Resource Request Examples

Single Core Job:

#SBATCH --ntasks=1
#SBATCH --cpus-per-task=1
#SBATCH --mem=4G

Multi-core (Shared Memory):

#SBATCH --ntasks=1
#SBATCH --cpus-per-task=8
#SBATCH --mem=32G

MPI (Distributed):

#SBATCH --ntasks=16
#SBATCH --cpus-per-task=1
#SBATCH --mem-per-cpu=2G

GPU Job:

#SBATCH --partition=gpu
#SBATCH --gres=gpu:1

Time Formats

# Different time limit formats
#SBATCH --time=30:00        # 30 minutes
#SBATCH --time=2:00:00      # 2 hours  
#SBATCH --time=1-12:00:00   # 1 day, 12 hours

Warning

Format: DD-HH:MM:SS or HH:MM:SS

Be realistic with time requests - jobs are killed when time limit is reached!

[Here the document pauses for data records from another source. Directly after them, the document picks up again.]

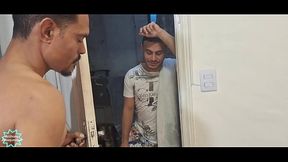 Tenho um tez&atilde_o da porra no meu vizinho, hoje ele pediu pra usar o meu chuveiro n&atilde_o perdi a oportunidade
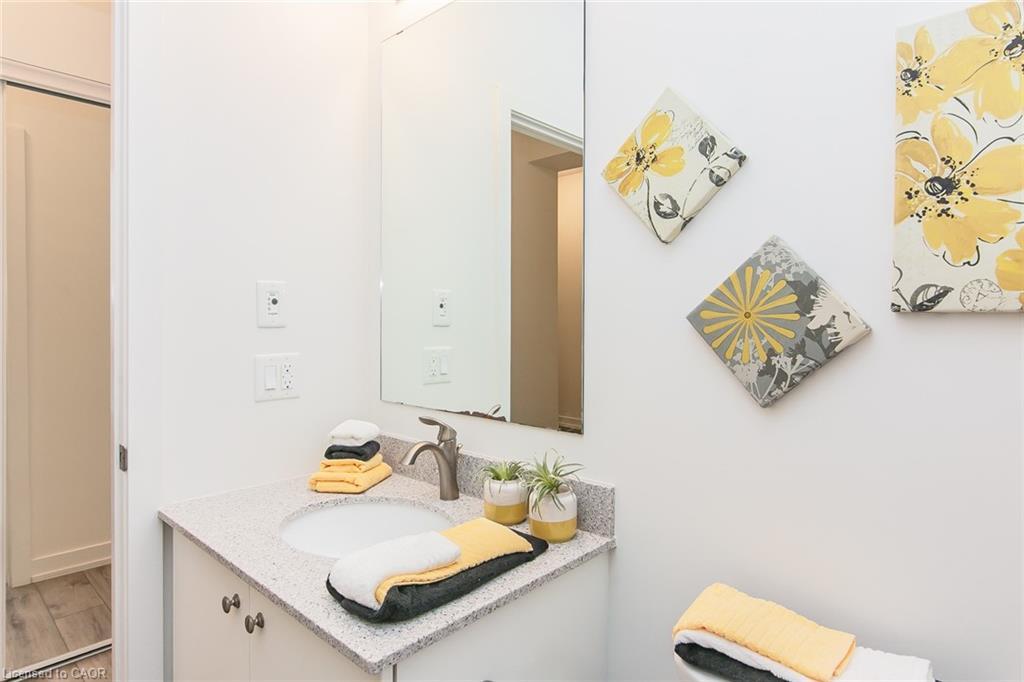 102-251 Northfield Drive E, Waterloo, ON - Indoor Photo Showing Bathroom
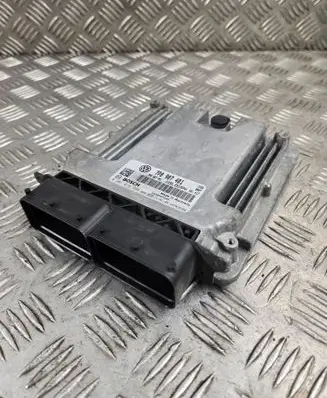 Volkswagen Touareg II Engine control unit/module 7P0907401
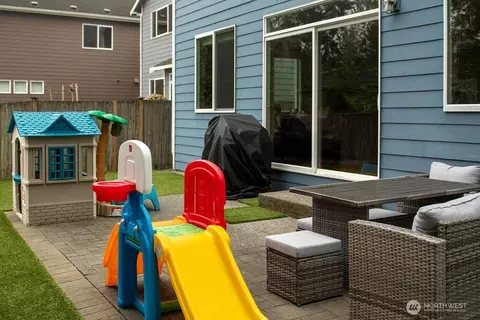 Exterior - 2824 93rd Pl SE, Everett, WA 98208 photo 3 of 7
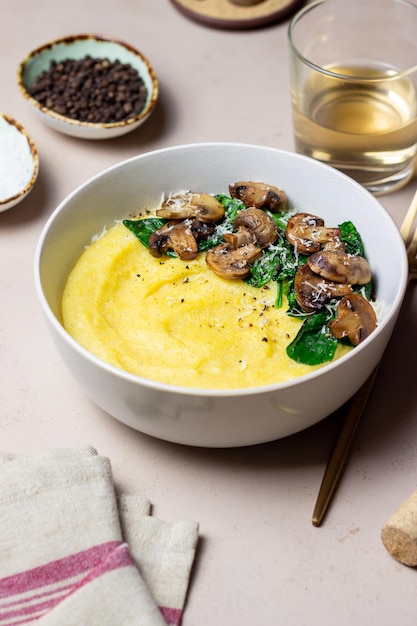 Polenta con funghi spinaci e formaggio Alimentazione sana Cucina vegetariana Cucina italiana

  • You can ieratively improve your requests/estimations

Job Arrays

Submit many similar jobs efficiently:

#!/bin/bash
#SBATCH --job-name=array_job
#SBATCH --partition=test
#SBATCH --time=01:00:00
#SBATCH --array=1-10          # Submit jobs 1 through 10
#SBATCH --output=job_%A_%a.out # %A = array job ID, %a = task ID

# Process different input files
INPUT_FILE="input_${SLURM_ARRAY_TASK_ID}.txt"
OUTPUT_FILE="output_${SLURM_ARRAY_TASK_ID}.txt"

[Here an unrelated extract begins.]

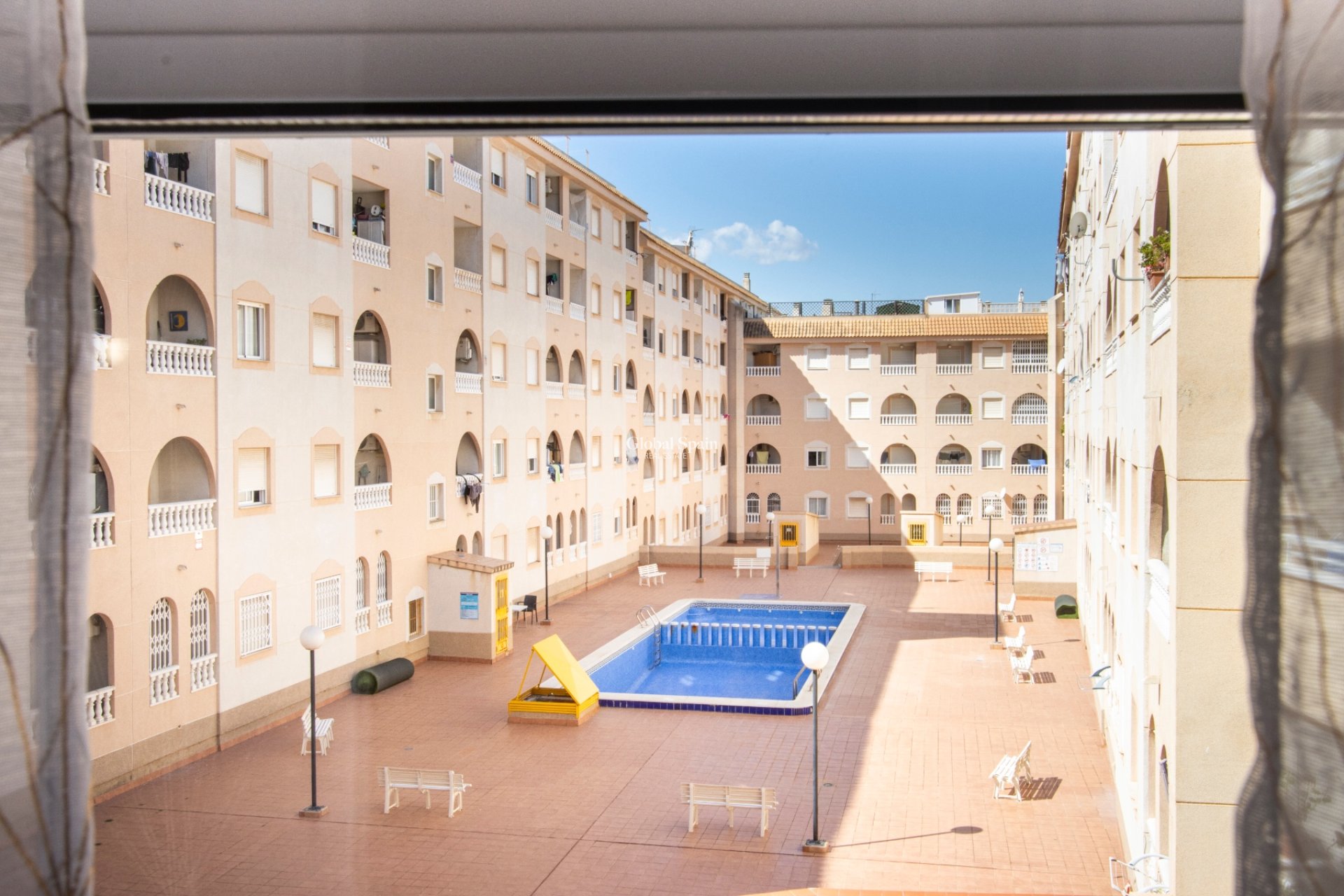 Wederverkoop - APPARTEMENT -
TORREVIEJA - Costa Blanca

python process_file.py $INPUT_FILE $OUTPUT_FILE

Embarassingly parallel

Perfect for parameter sweeps or processing multiple datasets!

Monitoring Jobs

Check Queue Status:

# View all your jobs
squeue -u $USER

# Detailed view
squeue -u $USER --long

# Get job details
scontrol show job 12345

Job History:

# Check completed jobs
sacct -j 12345

# Detailed accounting
sacct -j 12345 --format=JobID,JobName,State,ExitCode,MaxRSS,Elapsed

Note

Use sacct to see actual resource usage and optimize future jobs!

Best Practices

Right-Sizing Your Jobs

  • Start small: Test with minimal resources first
  • Monitor usage: Use sacct to check actual resource usage
  • Don’t over-request: Only ask for what you need
  • Time limits: Be realistic but add some buffer time

Best Practices

Good Practices:

  • Test interactively first
    • Toy problems
  • Use meaningful job names
  • Organize output files
  • Include error handling

Resource Management:

  • Use appropriate storage
  • Clean up temporary files
  • Monitor actual usage
  • Right-size requests

Common Issues & Solutions

Job Won’t Start (PD state):

  • Too many resources requested
  • Wrong partition name
  • System maintenance
  • Check with sinfo

Job Fails Immediately:

  • Module not loaded
  • Input files missing
  • Wrong file paths
  • Check *.err files

Out of Memory:

  • Increase --mem
  • Use memory profiling
  • Optimize algorithms


Tip

Always check error files and test scripts interactively first!

Summary

Key Points

  • Slurm manages fair resource allocation on shared HPC systems
  • Job scripts use #SBATCH directives to specify requirements
  • Right-size your resource requests for efficient scheduling
  • Monitor jobs with squeue and sacct for optimization
  • Test interactively first before submitting large jobs
  • Use job arrays for multiple similar tasks

Remember: Start small, test thoroughly, monitor usage, and optimize!